The concept of the ‘nation’ was propagated by E V Ramasamy (EVR), later affectionately called Periyar, a Tamil man who perennially carried the appellation of an ‘anti-national.’ Freed from the mainstream nationalist binary of nationalism vs. colonialism, anchored in history and nationalism as progress, and troubled all the time about citizenship, E V Ramasamy’s concept of the nation denied its origin in the classical Indian/Tamil past and envisaged it fully in the anticipatory. Further, it constantly violated any certitude about boundaries, identities or agents of change and went beyond the territoriality of the nation. In tracing the contours of E V Ramasamy’s ‘nation’, Aloysius’ attempt is not only to explore the relationship between the nation and the past, but also to recover one of the marginalised discourses on the nation, which has been fossilised in Indian nationalist historiography as belonging to the ‘other’ of the nation, that, is, ‘anti-national’. Such attempts at recovering alternate concepts of the nation seem pertinent and urgent as the official ‘nation’ has become one of the most important sources of legitimacy for the state in India as well as for a range of political formations varying from the Hindu communalists to the leftists.

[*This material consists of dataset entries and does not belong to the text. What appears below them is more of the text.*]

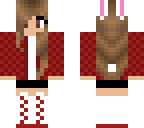 me in minecraft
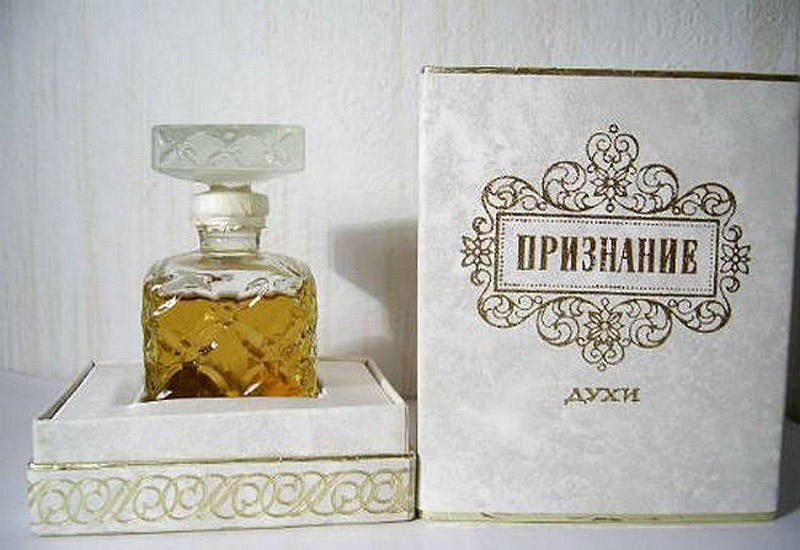 parfyum07 Яркие представители парфюмерии СССР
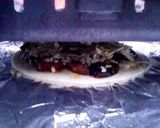 キャンプでピザを焼こう作り方5写真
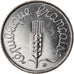 Munten, Frankrijk, Épi, Centime, 1987, Paris, ZF+, Stainless Steel, KM:928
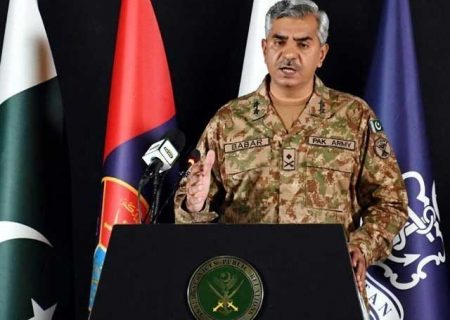 بھارت نہیں چاہتا پاکستان پرامن اور ترقی کی راہ پر گامزن ہو، ترجمان پاک فوج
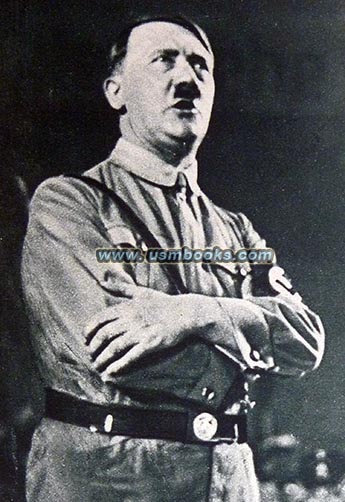 Volkskanzler Adolf Hitler
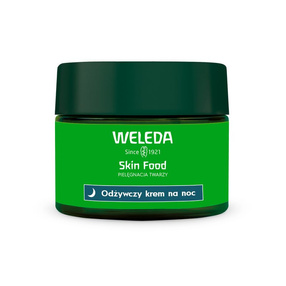 WELEDA Skin Food Odżywczy krem na noc, 40 ml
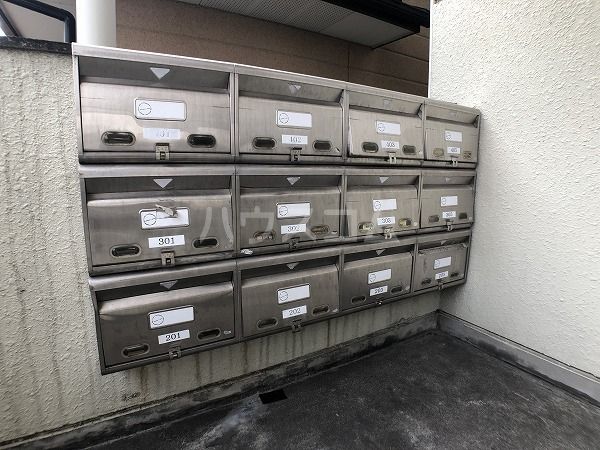 【岡崎市柱のマンションのその他共有部分】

E V Ramasamy’s sojourn in the Indian National Congress was brief, a mere five years in an active political career spanning over half a century. After a series of experiments within the Congress, which may be termed as experiments on the question of citizenship in the nation, he finally broke with the Congress in November 1925 when two of his resolutions favouring ‘communal representation’ were disallowed in the Kancheepuram Conference of the Tamil Nadu Congress. Therefore, he declared his political agenda to be: “no god; no religion; no Gandhi; no Congress; and no Brahmins.” Within the non-Brahmin movement of the South, the idea that nation and nationality meant comradeship based on equality of recognition and acceptance runs through as a steady undercurrent. The most crucial episode in EV Ramasamy’s early public life was the Gurukulam untouchability incident at Cheranmahadevi and the controversies surrounding it. The general position of the cultural nationalists–Congress and Gandhi–on the practice of untouchability in the ashram made Periyar turn away from them, and begin a long militant career of political nationalism.

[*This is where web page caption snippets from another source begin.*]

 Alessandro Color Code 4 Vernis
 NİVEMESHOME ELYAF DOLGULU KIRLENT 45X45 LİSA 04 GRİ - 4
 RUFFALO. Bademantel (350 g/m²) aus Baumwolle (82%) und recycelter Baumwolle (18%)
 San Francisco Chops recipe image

The identity that E V Ramasamy established between god, religion, Gandhi, Congress and the Brahmins was based on his understanding that all of them stood in the way of different subordinate social groups such as the Shudras, the Dalits, and women, attaining free and equal citizenship in the nation-in-the-making. His political career then onwards was more or less an unwavering journey through the Self- Respect Movement (founded in 1925) and the Dravidar Kazhagam (founded in 1944) in search of substantive, as opposed to formal, citizenship as constitutive of the nation, and this is more than evident from the way he assessed and combated the nationalist concept of ‘Swaraj’ and the manner in which he responded to the British Raj. Such foregrounding of substantive citizenship of the subordinate social groups as the principal constitutive element of the nation place EVRamasamy outside of mainstream Indian nationalism as well as the incomplete modernity of the British in the colonial context. In other words, he was free from the need to set the nation in opposition to the coloniser.

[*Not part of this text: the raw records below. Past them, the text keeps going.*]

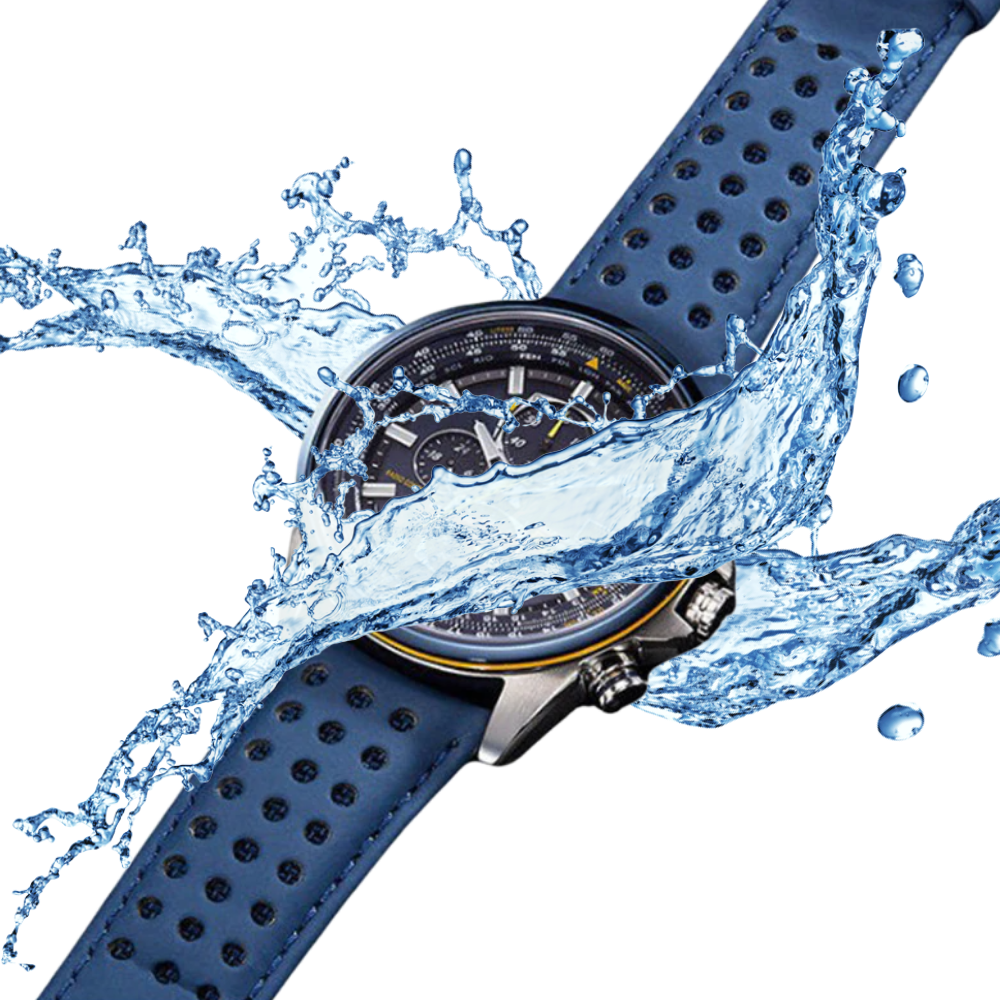 Luxury Waterproof Quartz Watch - Ozerty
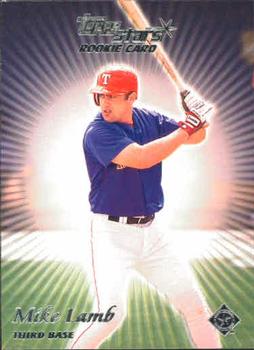 Mike Lamb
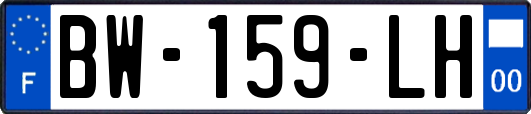 BW-159-LH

During the course of the anti-Hindi agitation which contested the compulsory introduction of Hindi in schools by the Congress government in 1937, EV Ramasamy began airing his demand for a separate Tamil Nadu, which evolved over time into a demand for a separate Dravida Nadu. Till the end of his life, he, more or less steadfastly, denied legitimacy to India as one nation and kept his demand alive. In this context, he did differentiate the Tamil past as more equitable compared to the pan-Indian past. Basing his arguments on ancient Tamil literary texts, he claimed that both the caste system which degraded the non-Brahmins and the current marriage customs which emphasised women’s subordination were alien to the Tamil past. Beyond that, his position on the Tamil past was not different from that on the Indian past, that is, he ‘denationalised’ the Tamil past too. Interestingly, even in contexts where he favourably referred to the equitable Tamil past, he simultaneously discounted it and claimed that one would not benefit by harping back to the past.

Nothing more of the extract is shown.